Symptoms & Complaints
At its most severe stage, children may suffer from hundreds of seizures. These can include simple motor seizures such as facial twitching. Complex partial seizures are recognized by a vacant stare. They can also include grand mal seizures. This stage can last anywhere from a few days to many months. The sudden onset of seizures may result in memory loss and a decline in intellectual ability.
Survivors often do not meet developmental milestones and may also suffer from regression or a loss of developmental functions. There will be a noted loss of consciousness or a high rate of confusion. This is often evident even between seizures.
These children may lose their ability to self-regulate their own body temperatures. These children are often diagnosed with refractory epilepsy. This form of epilepsy leaves the patient suffering from difficult (often impossible) to control seizure activity. Many febrile infection-related epilepsy syndrome patients also suffer from migraines and muscle pain throughout the course of their lives.
It is unknown what causes febrile infection-related epilepsy syndrome. It is suspected to be related to an infection. It may also be caused by genetic factors or an autoimmune disease. Some medical professionals believe it may simply be a metabolic problem.
While the cerebrospinal fluid collected from a spinal tap (lumbar puncture) often shows evidence of mild inflammatory changes, there is no evidence for an infection or any known autoimmune disorder. More research is needed to identify the exact cause.
Diagnosis & Tests
Because the cause is unknown, there are no specific tests that can be used to diagnose this disorder. It is diagnosed by the process of eliminating all known causes of refractory status epilepticus. This is the term used to describe life-threatening seizure conditions that do not respond to any common anticonvulsant medications.
A full work-up should be performed to identify any treatable causes first. Spinal taps and blood tests are generally performed to rule out infectious diseases. These tests can also rule out any other known inflammatory or autoimmune conditions.
Magnetic resonance imaging (MRI) scans are used to rule out conditions that will appear in the imaging, because febrile infection-related epilepsy syndrome does not show any brain abnormalities in MRI imaging. Electroencephalography (EEG) monitoring is usually necessary to detect and document seizure activity.
Treatment & Therapy
As more research is needed into the cause of febrile infection-related epilepsy syndrome, there is no specific treatment. Initially, the seizures are treated using benzodiazepines. Benzodiazepines are then closely followed by anticonvulsant medications. The preferred delivery method for these medications is through intravenous administration. The seizures from this syndrome usually do not respond to high doses of anti-seizure medications.
Following this initial treatment, doctors may follow one of two courses of action. They may try additional anti-seizure medications. Prolonged use of these medications is not recommended in children because of the risk of potentially lethal consequences.

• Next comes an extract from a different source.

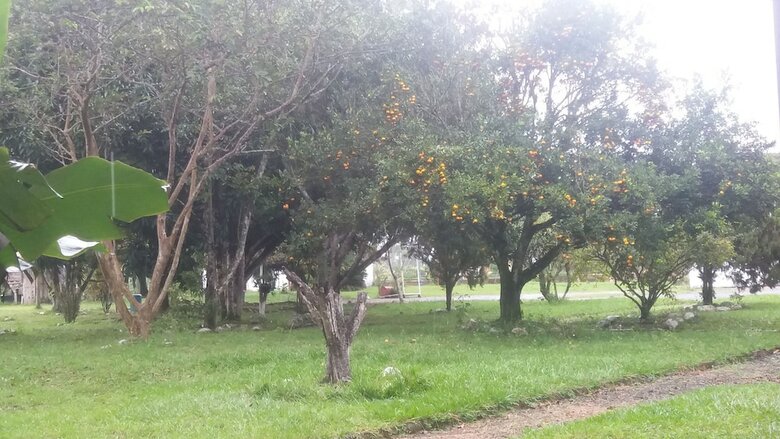 Hotel Campestre Camino Real Pereira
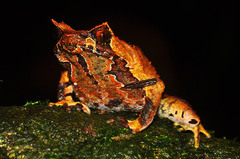 Megophrys montana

Due to the fact that the seizures can be very difficult to control, medical personnel may choose to place the child into a medically induced coma until the seizure activity has become more manageable. They will be hooked to an EEG to monitor seizure activity. When they have been woken up from the coma and the confusion subsides, children are often transferred out of the intensive care unit and remaining seizures are treated using anti-seizure medications.
There have been some promising developments in treatment of febrile infection-related epilepsy syndrome. Some medical professionals have found that immune treatment using corticosteroids, intravenous immunoglobulin, and plasma exchanges may be helpful.
Many children have shown impressive results when given the ketogenic diet. This is a high fat, low carb diet with plenty of protein that is often used to treat children who suffer from refractory status epilepticus. Formal research and testing will need to be done to test the validity of these treatments.
Prevention & Prophylaxis
Keeping immunizations up to date can reduce the risk of some infectious diseases. If there are any concerns, parents should always seek out advice and treatment from their family physician or go to the nearest emergency room.